I’ve returned from the Specialist’s Group on Artificial Intelligence of the British Computer Society’s meeting at Peterhouse College, Cambridge, UK. The event was quite worthwile, where undoubtedly the best speaker was Max Bramer himself. On Monday he gave a talk to PhD students on „How to survive a viva“. Since he often has been and will be an external supervisor or reviewer of PhD students‘ theses, he told us what he thinks is important in the thesis, how to write it, what and what not to do and so on. His talk was riddled with hilarious real examples of what he saw in thesis drafts or even final theses.
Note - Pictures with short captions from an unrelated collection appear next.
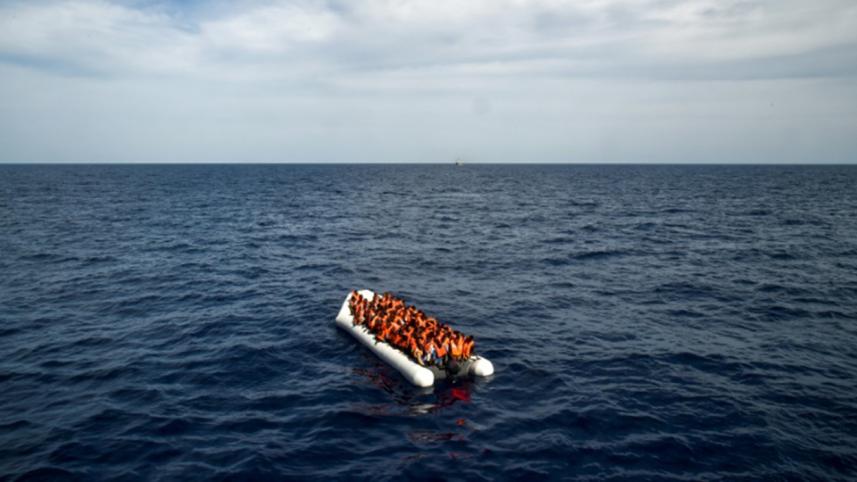 migrant bodies wash up
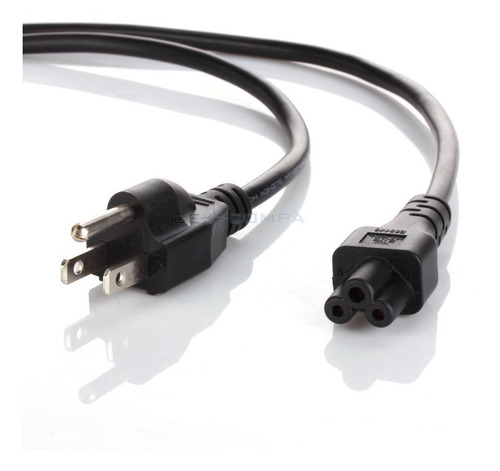 Cable De Alimentación Trebol Con Enchufe Nema Xtc-120 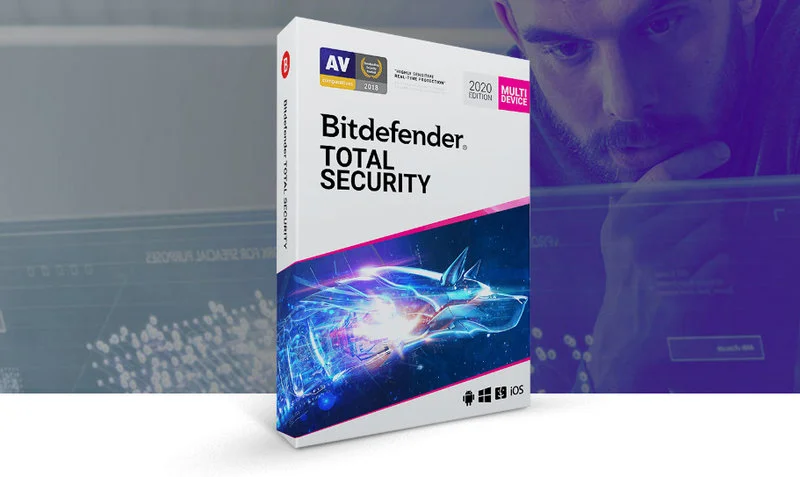 Bitdefender Total Security 2020 na 90 dni za darmo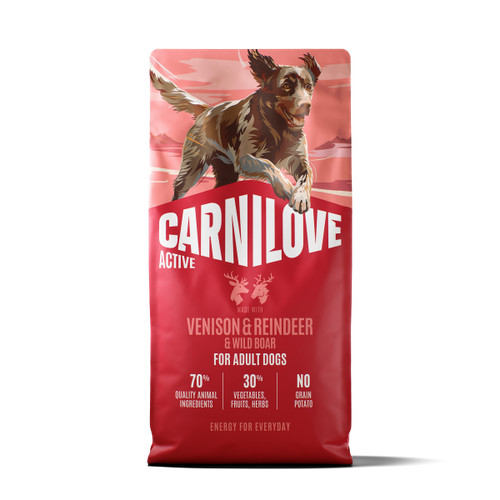 Carnilove active venison - active,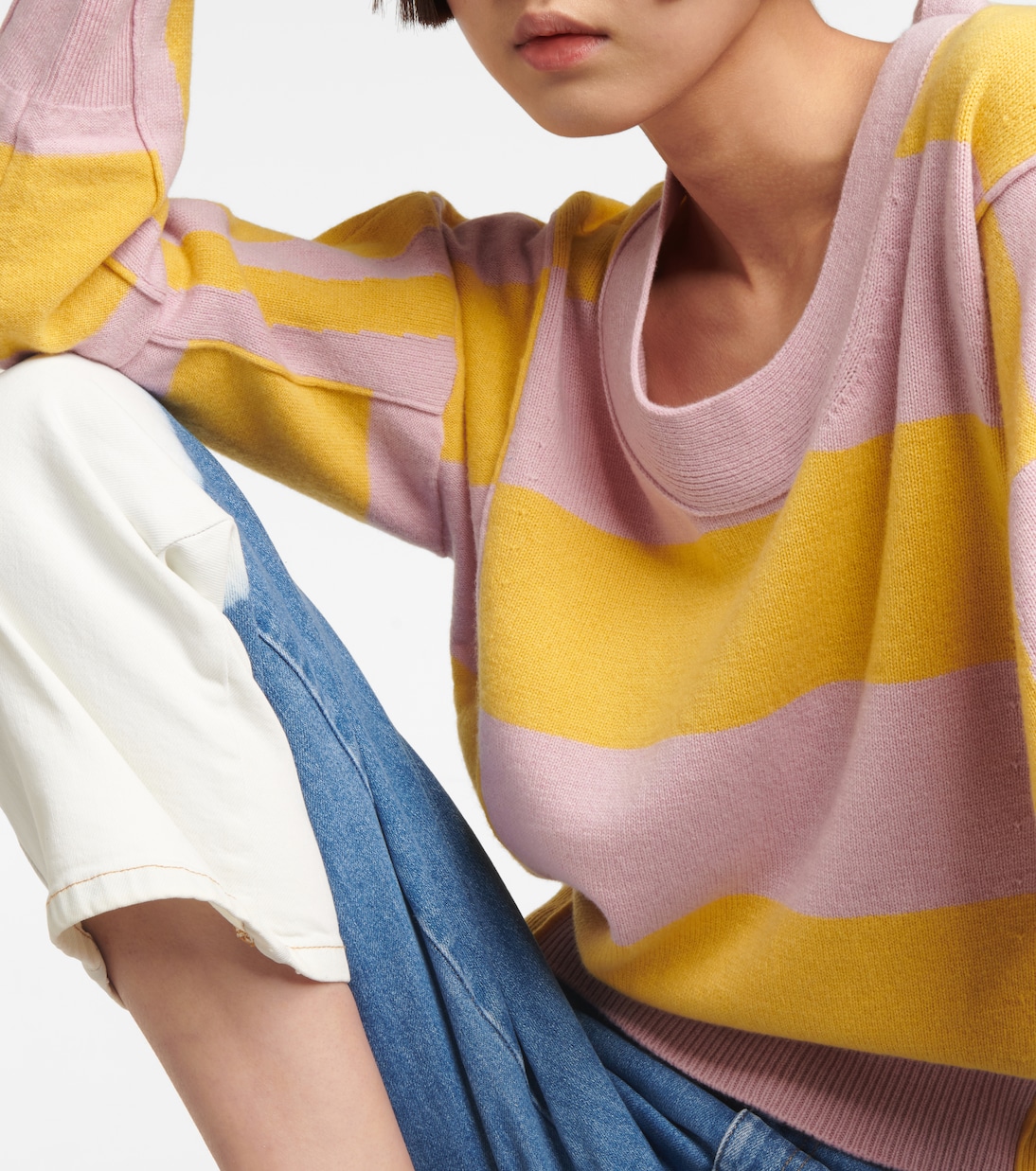 Pullover aus Kaschmir und Wolle | Stella McCartney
That event, even featured as a free event to PhD students, was actually included for the first time at the conference before the main conference began on Tuesday.
The main sessions of the conference were very interesting as well, although the atmosphere could have been less frosty if the rooms of Peterhouse College had been heated appropriately. The buildings, as nice and beautiful as they are, date back to 1284, where the time in between actually did see a lot of improvements in housing technology that could be applied to Peterhouse without breaking the building’s dignity at all. The room we had lunch in actually strongly reminded me of the Harry Potter movies where all the students dine together — except the owls never came in and no magic was applied.
My talk on Wednesday went through quite smoothly. My session chair, Frans Coenen, was definitely familiar with the topic and the 25+ people also seemed to have understood what I had been talking about. There will probably be a book chapter in a book about „Post-Mining of Association Rules“, although we’re required to use Word for it instead of LaTeX. But the editor agreed that we could work with LaTeX up to a final version which we would have to convert to Word at the end only. I don’t yet know how that’s gonna work as smoothly as my talk, but we’ll have to have it accepted first anyway.